Momo - Self-Hostable AI Memory System

"You, my friend, are just a few plumbs short of a fruit pie." — Momo

Momo is a self-hostable AI memory system written in Rust — inspired by SuperMemory. It provides long-term memory for AI agents using LibSQL's native vector search capabilities — no external vector database required.
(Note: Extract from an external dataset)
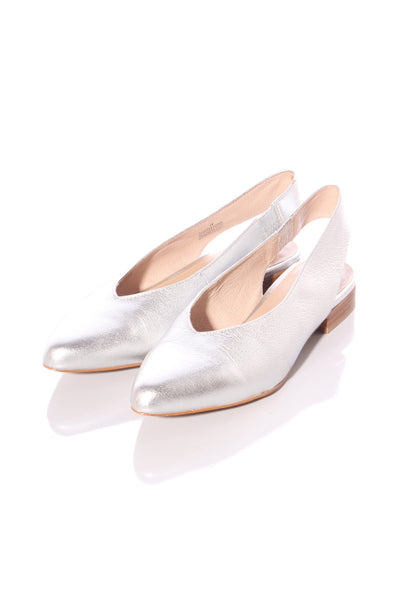 MI PIACI - Silver leather slingback flats! 39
Single binary, runs anywhere.

Quick Start
Features
Documentation
SDKs
Docker
Process Isolation
Development
Maintainers
Contributing
Credits
License

Quick Start

The fastest way to get Momo running is via Docker:

docker run --name momo -d --restart unless-stopped -p 3000:3000 -e MOMO_API_KEYS=dev-key -v momo-data:/data ghcr.io/momomemory/momo:latest

export API_KEY=dev-key

Then open:

Web console: http://localhost:3000/
API docs: http://localhost:3000/api/v1/docs
MCP endpoint: http://localhost:3000/mcp

Add a Memory

curl -X POST http://localhost:3000/api/v1/conversations:ingest \
  -H "Authorization: Bearer ${API_KEY}" \
  -H "Content-Type: application/json" \
  -d '{"messages": [{"role": "user", "content": "I prefer dark mode"}], "containerTag": "user_1"}'

Search Everything

curl -X POST http://localhost:3000/api/v1/search \
  -H "Authorization: Bearer ${API_KEY}" \
  -H "Content-Type: application/json" \
  -d '{"q": "What are the user preferences?", "containerTags": ["user_1"], "scope": "hybrid"}'

Use As MCP Server

Momo includes a built-in MCP server (streamable HTTP) compatible with Supermemory-style workflows.

{
  "mcpServers": {
    "momo": {
      "url": "http://localhost:3000/mcp",
      "headers": {
        "Authorization": "Bearer your_momo_api_key",
        "x-sm-project": "default"
      }
    }
  }
}

Provided MCP primitives:

Tools: memory, recall, listProjects, whoAmI
Resources: supermemory://profile, supermemory://projects
Prompt: context

For handshake details, manual curl testing, and troubleshooting, see MCP Guide.

Features

Vector Search: Native LibSQL vector embeddings (no external vector DB needed)
Embedded Web Console: Bun + Preact UI embedded in the binary and served from /
Local AI Pipeline: Built-in support for local embeddings (FastEmbed) and transcription (Whisper)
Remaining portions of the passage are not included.